# Is this Poa Triv? Quick question



## Zcape35 (Sep 17, 2019)

I'm planning a reno and want to know if this is Poa T. It is very skinny and stalky and it grows very quickly!
Please help lol


----------



## pennstater2005 (Jul 17, 2017)

Looks like Triv to me. Especially that 3rd pic.


----------



## Zcape35 (Sep 17, 2019)

Should I hit it with Glypho now or will that not help a renovation in the fall?


----------



## Zcape35 (Sep 17, 2019)

Would any other pictures help?


----------



## fusebox7 (Jul 27, 2017)

In the 3rd pic - I thought I saw ryegrass seedheads... ryegrass gets VERY stalky when/after seeding... can you get closer pics of the leaf blade and/or seedheads?


----------



## Zcape35 (Sep 17, 2019)

fusebox7 said:


> In the 3rd pic - I thought I saw ryegrass seedheads... ryegrass gets VERY stalky when/after seeding... can you get closer pics of the leaf blade and/or seedheads?
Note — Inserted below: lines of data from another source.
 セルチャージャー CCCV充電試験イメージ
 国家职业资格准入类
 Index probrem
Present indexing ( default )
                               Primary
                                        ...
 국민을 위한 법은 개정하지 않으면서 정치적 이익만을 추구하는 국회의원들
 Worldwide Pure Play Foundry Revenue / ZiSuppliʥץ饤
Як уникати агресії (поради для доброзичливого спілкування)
Here are a couple pictures. Thank you guys so much for your help. Their are hardly any grass blades with this stuff.


----------



## pennstater2005 (Jul 17, 2017)

That still looks like triv. Ryegrass seed heads have a more purple ish look. I have triv and the seed heads are longer like ryegrass but they're fairly easily distinguishable.
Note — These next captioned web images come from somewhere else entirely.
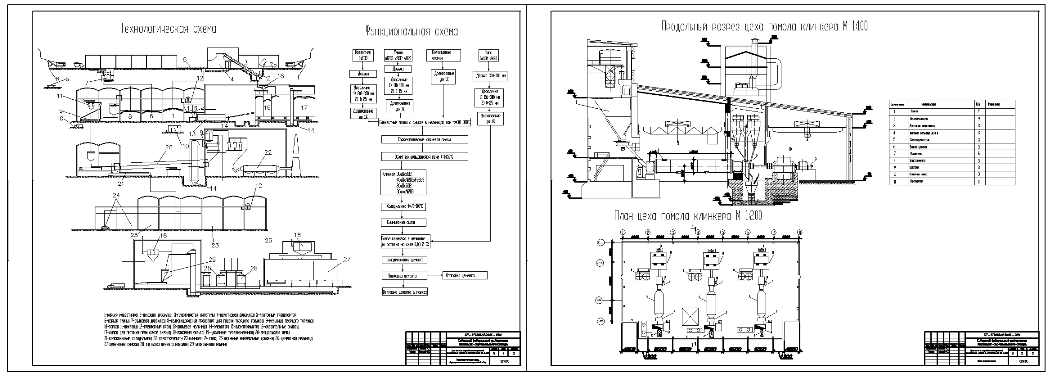 Чертеж Цех помола сырьевых материалов цементного завода производительностью 700000 тонн портландцемента в год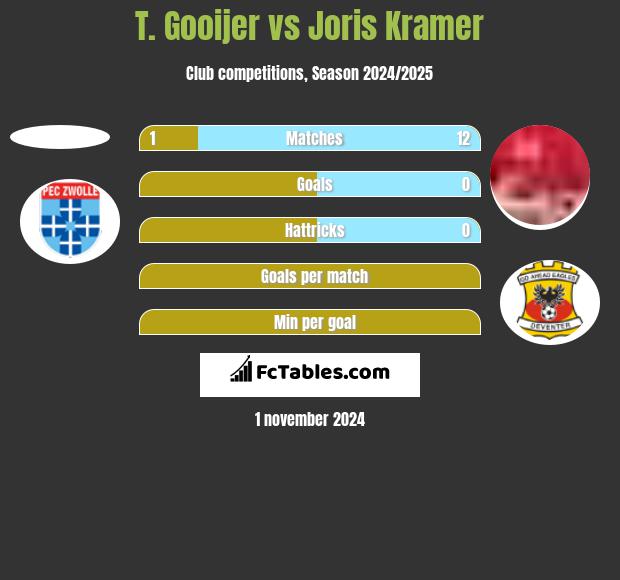 T. Gooijer vs Joris Kramer h2h player stats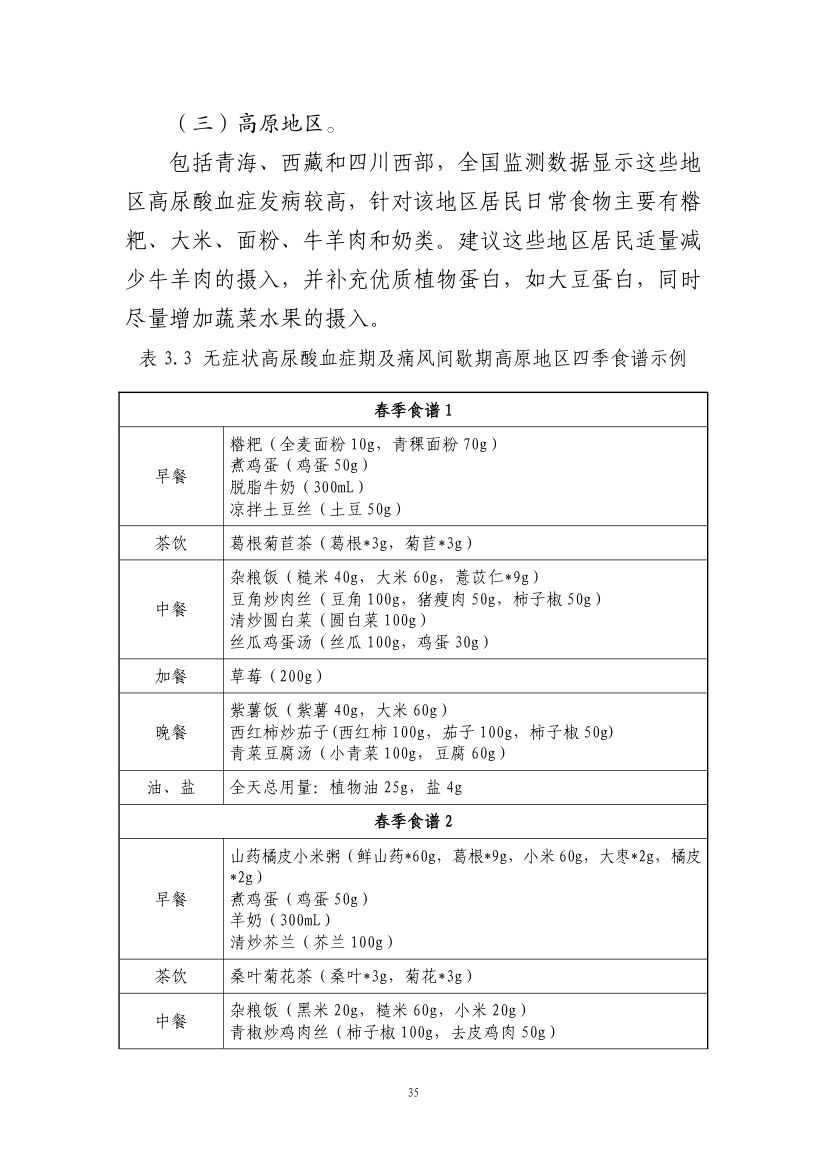 成人高尿酸血症与痛风食养指南第37页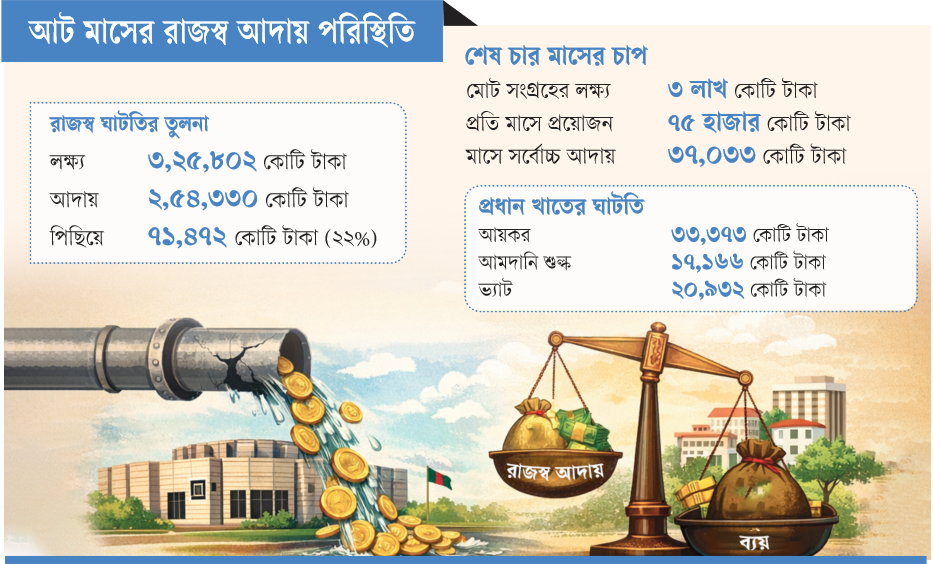আট মাসের রাজস্ব আদায় পরিস্থিতি: দিন দিন বাড়ছে ঘাটতির বোঝা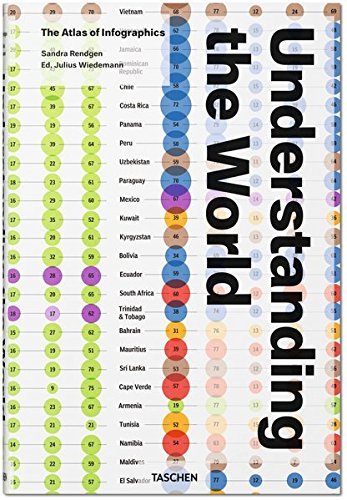 Sandra Rendgen Understanding The World. The Atlas Of Infographics 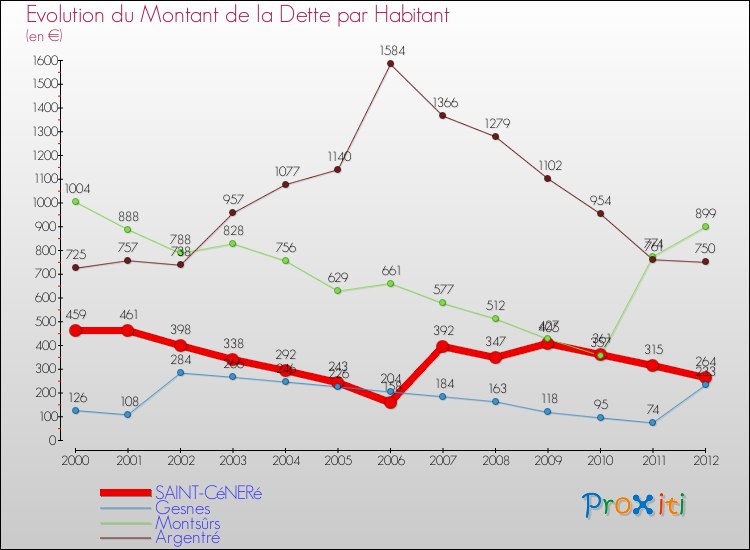 Evolution de la dette par habitant pour la commune de SAINT-CéNERé et les communes proches de 2000 à 2012 Comparaison de la dette par habitant pour SAINT-CéNERé et les communes voisines de 2000 à 2012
If you're going to renovate no need to kill now.


----------



## Zcape35 (Sep 17, 2019)

pennstater2005 said:


> That still looks like triv. Ryegrass seed heads have a more purple ish look. I have triv and the seed heads are longer like ryegrass but they're fairly easily distinguishable.
> 
> If you're going to renovate no need to kill now.


Thank you. 
I thought it typically looked like bluegrass? This is so stalky? I'm just being hopeful lol.


----------



## fusebox7 (Jul 27, 2017)

@pennstater2005 i didn't say perennial ryegrass  I just thought it looked like:








But I know you're the expert and it does have that familiar "splayed" out look to it that is reminiscent of triv.
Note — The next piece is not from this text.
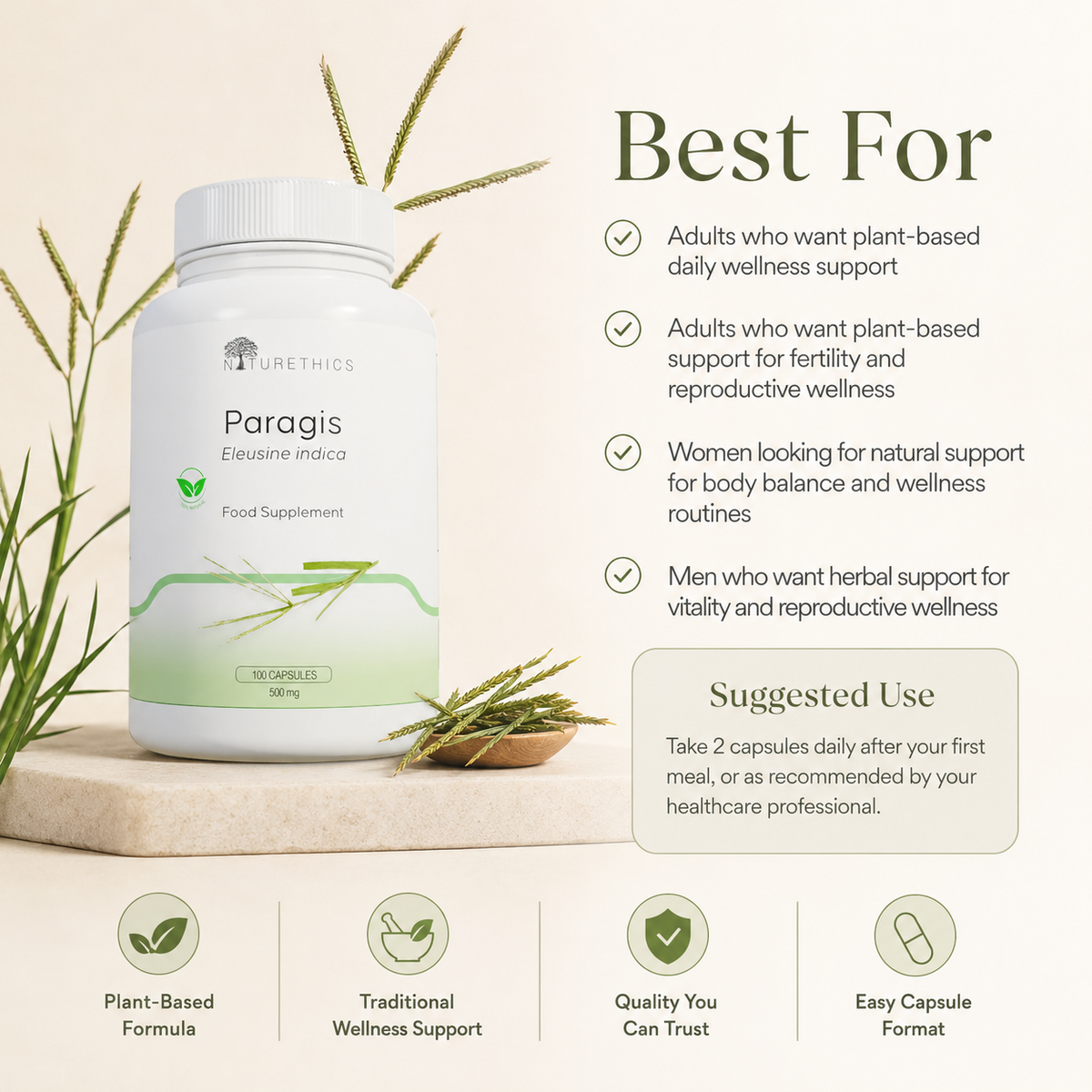 Paragis Capsules 100s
Keep it alive so it dies a bit for your Reno!


----------



## pennstater2005 (Jul 17, 2017)

fusebox7 said:


> @pennstater2005 i didn't say perennial ryegrass  I just thought it looked like:
> 
> 
> 
> ...


I'm no expert! I just have a lot of Triv right now and that's what it looks like.


----------



## Zcape35 (Sep 17, 2019)

So the final nail in the coffin is if it starts to turn brown in the heat of the summer, or is there another sign of dormancy?
Happy Saturday


----------



## Wolverine (Jan 17, 2018)

Ryegrass will be red at the base.


----------